My mum seems to not give a ****. How couldn't she have noticed her daughter going into self destruct mode? How could she not recognise all the abuse and bullying? Why does she act like her and my brother didn't make my life hell?

I want to go to this appointment but don't want to be hurt all over again. I don't want them to think I am in danger when I go back home with mum, my brother and Darren all on the same street. Not even to mention all the people who were evil to me at school.

I have been happy lately and now look. I feel like I have let everyone down. I feel like a complete failure and I'm sorry. I will be fine, I always am.

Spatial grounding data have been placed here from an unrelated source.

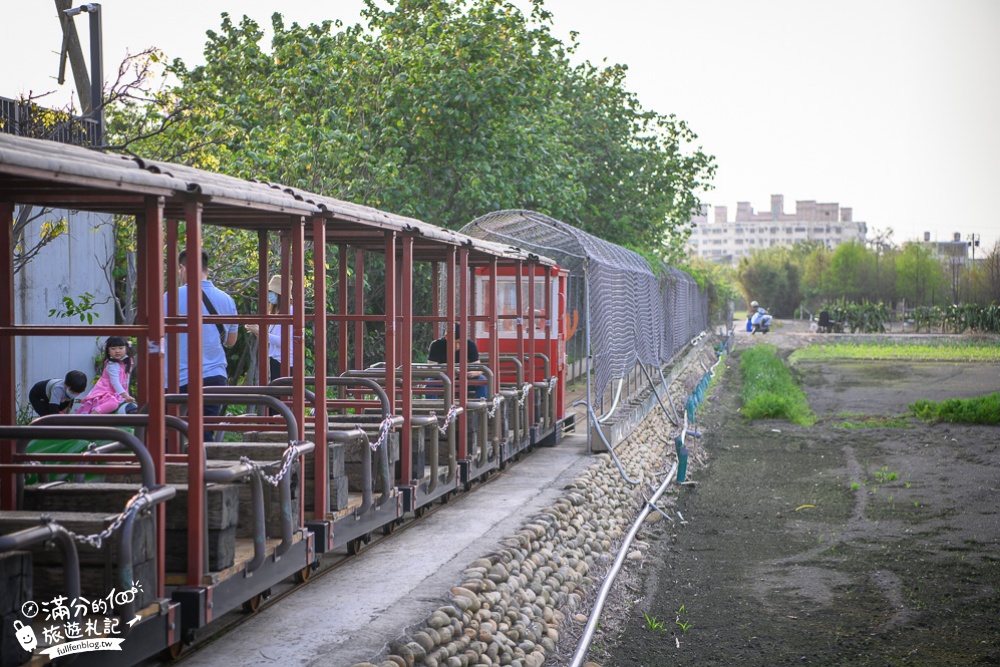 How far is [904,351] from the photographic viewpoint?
44750mm

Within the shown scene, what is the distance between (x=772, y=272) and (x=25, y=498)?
278ft

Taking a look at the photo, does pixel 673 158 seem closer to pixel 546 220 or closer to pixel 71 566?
pixel 546 220

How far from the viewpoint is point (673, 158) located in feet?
123

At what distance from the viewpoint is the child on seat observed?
8.39 meters

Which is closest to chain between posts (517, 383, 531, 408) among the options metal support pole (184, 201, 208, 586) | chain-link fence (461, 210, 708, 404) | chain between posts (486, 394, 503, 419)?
chain between posts (486, 394, 503, 419)

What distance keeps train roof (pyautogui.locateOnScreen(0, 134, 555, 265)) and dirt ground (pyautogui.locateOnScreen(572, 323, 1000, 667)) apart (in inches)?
131

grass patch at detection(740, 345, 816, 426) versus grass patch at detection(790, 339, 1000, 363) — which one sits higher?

Just really scared. I want the one person who makes me feel safe but I can't get to him yet. My biggest fear is having to tell the police about everything then have to go to court in which case I'm pretty sure I will end up dead.

I couldn't go to court against Rash and certainly not against Darren. Darren still scares me and I'm too ashamed of things with Rash. Just brilliant. I need to pick myself up but I'm scared of falling back down again.